● **Work order**: In the entries below, find the line with "If you remember" and the line with "In this lesson, you"; give again those lines and every line between them, exactly.

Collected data
══════════════════════════════

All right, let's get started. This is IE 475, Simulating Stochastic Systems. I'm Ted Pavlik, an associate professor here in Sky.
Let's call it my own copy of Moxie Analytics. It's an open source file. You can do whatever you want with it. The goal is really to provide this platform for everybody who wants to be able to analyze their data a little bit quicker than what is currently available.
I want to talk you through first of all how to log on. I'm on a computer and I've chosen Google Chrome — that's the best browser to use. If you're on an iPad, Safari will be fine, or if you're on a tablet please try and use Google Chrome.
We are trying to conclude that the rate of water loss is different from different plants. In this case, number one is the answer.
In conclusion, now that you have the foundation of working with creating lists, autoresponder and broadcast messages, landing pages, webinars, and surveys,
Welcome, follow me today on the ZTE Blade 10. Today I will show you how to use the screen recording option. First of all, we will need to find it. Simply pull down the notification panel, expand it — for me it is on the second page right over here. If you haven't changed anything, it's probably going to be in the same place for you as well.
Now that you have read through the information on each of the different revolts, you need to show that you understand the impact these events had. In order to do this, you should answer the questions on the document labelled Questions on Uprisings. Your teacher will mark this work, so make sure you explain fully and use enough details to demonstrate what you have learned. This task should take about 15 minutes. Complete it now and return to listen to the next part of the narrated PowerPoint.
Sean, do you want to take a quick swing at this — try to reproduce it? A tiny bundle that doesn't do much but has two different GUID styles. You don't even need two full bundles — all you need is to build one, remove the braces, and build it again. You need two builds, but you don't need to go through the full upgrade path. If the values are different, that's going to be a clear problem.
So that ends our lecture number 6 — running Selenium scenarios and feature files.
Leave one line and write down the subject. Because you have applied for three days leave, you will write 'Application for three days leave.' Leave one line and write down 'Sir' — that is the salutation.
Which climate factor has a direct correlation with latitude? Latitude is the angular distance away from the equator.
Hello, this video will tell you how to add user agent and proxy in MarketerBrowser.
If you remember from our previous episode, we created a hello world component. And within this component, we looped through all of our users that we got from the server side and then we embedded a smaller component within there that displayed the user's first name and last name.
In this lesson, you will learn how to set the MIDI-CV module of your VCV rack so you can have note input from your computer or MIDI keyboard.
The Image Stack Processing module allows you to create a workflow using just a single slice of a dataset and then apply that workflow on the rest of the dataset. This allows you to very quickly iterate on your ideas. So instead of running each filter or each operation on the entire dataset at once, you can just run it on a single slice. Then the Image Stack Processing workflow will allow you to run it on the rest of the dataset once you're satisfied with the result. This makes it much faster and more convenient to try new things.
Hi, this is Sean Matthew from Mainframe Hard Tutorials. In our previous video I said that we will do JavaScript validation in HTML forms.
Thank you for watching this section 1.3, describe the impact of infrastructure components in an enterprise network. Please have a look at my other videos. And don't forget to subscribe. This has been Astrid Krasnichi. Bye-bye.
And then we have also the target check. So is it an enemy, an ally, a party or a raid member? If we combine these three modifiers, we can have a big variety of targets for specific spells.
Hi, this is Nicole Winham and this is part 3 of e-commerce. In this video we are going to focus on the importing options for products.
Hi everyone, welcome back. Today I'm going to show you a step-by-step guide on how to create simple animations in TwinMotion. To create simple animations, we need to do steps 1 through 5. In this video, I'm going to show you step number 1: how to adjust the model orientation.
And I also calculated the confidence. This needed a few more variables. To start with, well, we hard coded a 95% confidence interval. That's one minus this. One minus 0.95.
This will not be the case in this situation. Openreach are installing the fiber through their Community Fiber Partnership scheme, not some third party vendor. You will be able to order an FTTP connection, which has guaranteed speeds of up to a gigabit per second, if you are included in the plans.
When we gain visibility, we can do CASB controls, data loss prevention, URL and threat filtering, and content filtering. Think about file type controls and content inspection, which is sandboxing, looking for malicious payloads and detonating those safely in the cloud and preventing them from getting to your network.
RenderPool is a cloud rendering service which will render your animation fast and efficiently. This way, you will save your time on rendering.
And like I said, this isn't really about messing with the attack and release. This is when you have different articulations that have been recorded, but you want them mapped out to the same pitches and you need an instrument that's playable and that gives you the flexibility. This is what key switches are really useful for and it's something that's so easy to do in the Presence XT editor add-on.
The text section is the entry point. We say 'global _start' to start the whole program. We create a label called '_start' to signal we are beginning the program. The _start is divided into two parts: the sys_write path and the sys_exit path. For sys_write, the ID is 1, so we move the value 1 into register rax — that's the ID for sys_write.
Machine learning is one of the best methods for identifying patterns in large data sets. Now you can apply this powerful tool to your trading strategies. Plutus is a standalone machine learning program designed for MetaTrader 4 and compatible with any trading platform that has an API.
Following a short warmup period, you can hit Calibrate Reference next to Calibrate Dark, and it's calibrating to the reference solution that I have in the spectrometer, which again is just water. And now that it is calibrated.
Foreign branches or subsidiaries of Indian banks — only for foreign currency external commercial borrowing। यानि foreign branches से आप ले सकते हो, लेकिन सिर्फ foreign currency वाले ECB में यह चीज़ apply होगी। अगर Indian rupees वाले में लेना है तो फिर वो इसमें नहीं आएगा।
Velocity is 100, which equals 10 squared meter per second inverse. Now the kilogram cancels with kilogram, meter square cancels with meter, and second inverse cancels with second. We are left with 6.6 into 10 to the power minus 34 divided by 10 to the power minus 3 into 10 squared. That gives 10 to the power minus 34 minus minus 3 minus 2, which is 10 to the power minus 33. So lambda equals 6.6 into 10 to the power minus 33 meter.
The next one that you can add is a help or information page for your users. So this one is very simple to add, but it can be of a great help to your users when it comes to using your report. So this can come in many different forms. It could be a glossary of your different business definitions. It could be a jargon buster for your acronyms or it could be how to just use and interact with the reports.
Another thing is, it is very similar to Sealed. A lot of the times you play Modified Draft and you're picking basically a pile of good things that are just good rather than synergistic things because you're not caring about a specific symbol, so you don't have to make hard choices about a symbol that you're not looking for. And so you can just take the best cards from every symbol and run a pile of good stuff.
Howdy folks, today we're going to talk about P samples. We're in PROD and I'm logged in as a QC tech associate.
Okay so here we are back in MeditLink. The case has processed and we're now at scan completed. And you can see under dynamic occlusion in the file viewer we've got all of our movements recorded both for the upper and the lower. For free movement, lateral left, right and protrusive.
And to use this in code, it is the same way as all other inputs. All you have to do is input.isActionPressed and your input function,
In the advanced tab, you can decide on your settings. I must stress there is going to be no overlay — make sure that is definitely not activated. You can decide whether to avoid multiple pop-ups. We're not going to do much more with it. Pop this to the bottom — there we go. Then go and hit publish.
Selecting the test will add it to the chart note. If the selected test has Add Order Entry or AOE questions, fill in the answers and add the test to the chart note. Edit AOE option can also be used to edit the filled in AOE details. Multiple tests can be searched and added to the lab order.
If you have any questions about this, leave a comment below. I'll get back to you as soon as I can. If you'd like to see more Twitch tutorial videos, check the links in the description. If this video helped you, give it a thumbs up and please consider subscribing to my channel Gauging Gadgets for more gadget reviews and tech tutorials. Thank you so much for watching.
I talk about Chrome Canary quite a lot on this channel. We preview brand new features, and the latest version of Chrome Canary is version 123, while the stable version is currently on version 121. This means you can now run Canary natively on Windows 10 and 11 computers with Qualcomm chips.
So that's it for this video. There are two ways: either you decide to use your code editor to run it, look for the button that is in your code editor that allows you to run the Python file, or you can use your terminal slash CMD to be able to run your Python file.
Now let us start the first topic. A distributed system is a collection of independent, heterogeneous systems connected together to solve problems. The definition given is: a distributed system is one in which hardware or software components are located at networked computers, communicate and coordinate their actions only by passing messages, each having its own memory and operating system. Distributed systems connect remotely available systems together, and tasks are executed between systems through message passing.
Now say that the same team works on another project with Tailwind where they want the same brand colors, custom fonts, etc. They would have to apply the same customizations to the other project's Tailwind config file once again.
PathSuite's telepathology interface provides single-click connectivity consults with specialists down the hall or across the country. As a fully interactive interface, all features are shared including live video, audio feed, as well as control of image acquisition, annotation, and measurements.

══════════════════════════════

● **Task output**:
If you remember from our previous episode, we created a hello world component. And within this component, we looped through all of our users that we got from the server side and then we embedded a smaller component within there that displayed the user's first name and last name.
In this lesson, you will learn how to set the MIDI-CV module of your VCV rack so you can have note input from your computer or MIDI keyboard.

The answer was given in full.